BACKGROUND: Neutralizing antibodies (NABs) against interferon beta (IFNbeta) are associated with a loss of IFNbeta bioactivity and clinical effectiveness. To date, there are no anti-NAB strategies available. The primary objective of this trial was to investigate whether intravenous IFNbeta-1b can restore bioactivity in NAB-positive patients with MS. METHODS: NAB-positive patients with MS were treated with 8 MIU IFNbeta-1b s.c., 8 MIU i.v., and 16 MIU i.v. Each application was preceded by a wash-out period of 1 week. Blood samples were collected before, 3, 12, and 24 h after each administration. Myxovirus protein A (MxA) RNA and protein levels were determined. The study has been approved by the local ethics committee. RESULTS: Five patients completed the study. NAB titers ranged from 42 to 4482 neutralizing units. Median MxA protein (1821, range 12-3234) and RNA (2186, range 114-7525) area under the curve levels for the four measurements at each IFNbeta injection were significantly higher after i.v. application of 16 MIU as compared with both 8-MIU dosages, which were 743 (0-2709) for MxA protein after 8 MIU i.v. and 254 (0-1200) after s.c., and 1763 (25-7188) for MxA RNA after 8 MIU i.v., and 557 (5-2265) after s.c. applications. NAB titers decreased significantly and transiently after infusion of 16 MIU IFNbeta-1b but not after both forms of 8 MIU applications. Typical side effects could be controlled by paracetamol. No allergic reaction was observed. DISCUSSION: The results indicate that i.v. administration of IFNbeta can restore bioavailability of IFNbeta in patients with NABs.

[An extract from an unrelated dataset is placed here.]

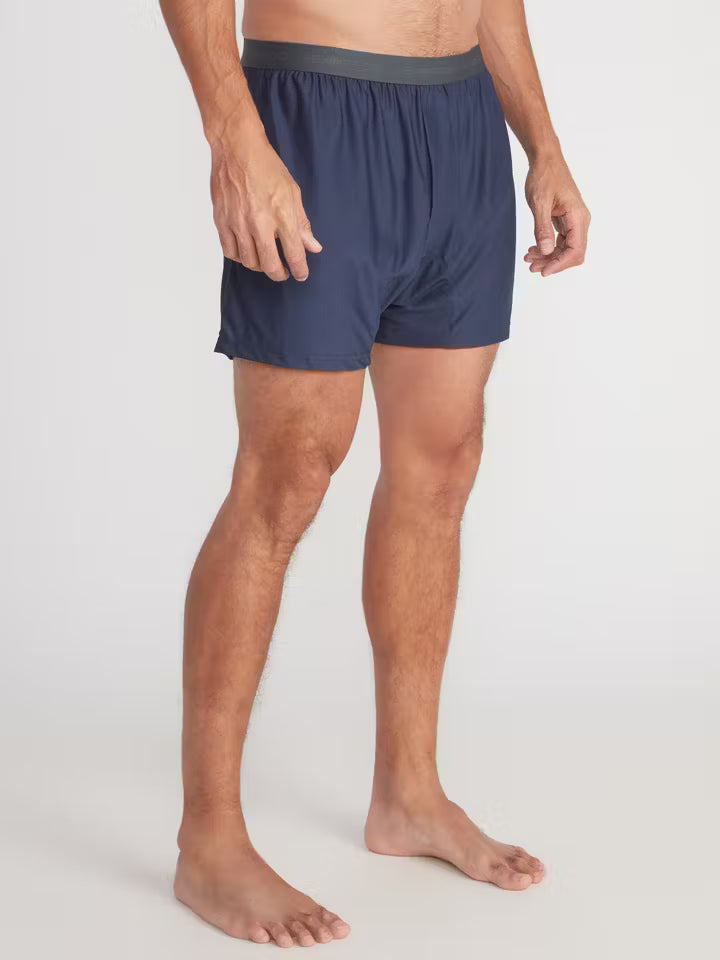 Men's Give-N-Go 2.0 Boxer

机译:背景:针对干扰素β(IFNbeta)的中和抗体(NAB)与IFNbeta生物活性的丧失和临床有效性有关。迄今为止,还没有可用的抗NAB策略。该试验的主要目的是调查静脉内IFNbeta-1b是否能恢复NAB阳性MS患者的生物活性。方法:NAB阳性的MS患者接受8 MIU IFNbeta-1b s.c.,8 MIU i.v.和16 MIU i.v.治疗。每次申请前都要进行1周的清洗期。每次给药之前,3、12和24小时后采集血样。确定了黏液病毒蛋白A(MxA)的RNA和蛋白水平。该研究已得到当地伦理委员会的批准。结果:五名患者完成了研究。 NAB效价介于42至4482中和单位之间。静脉注射后,每次IFNbeta注射四次测量的曲线水平下的MxA蛋白中位数(1821,范围12-3234)和RNA(2186,范围114-7525)面积均显着较高。与8个MIU剂量相比,应用了16个MIU,8个MIU静脉注射后MxA蛋白的使用量为743(0-2709)。 s.c.之后为254(0-1200),i.v。8 MIU之后为MxA RNA 1763(25-7188),s.c。之后557(5-2265)。应用程序。输注16种MIU IFNbeta-1b后,NAB滴度显着下降,但在两种形式的8种MIU应用后均没有明显下降。典型的副作用可以通过扑热息痛控制。没有观察到过敏反应。讨论:结果表明,服用IFNbeta可以恢复NAB患者的IFNbeta生物利用度。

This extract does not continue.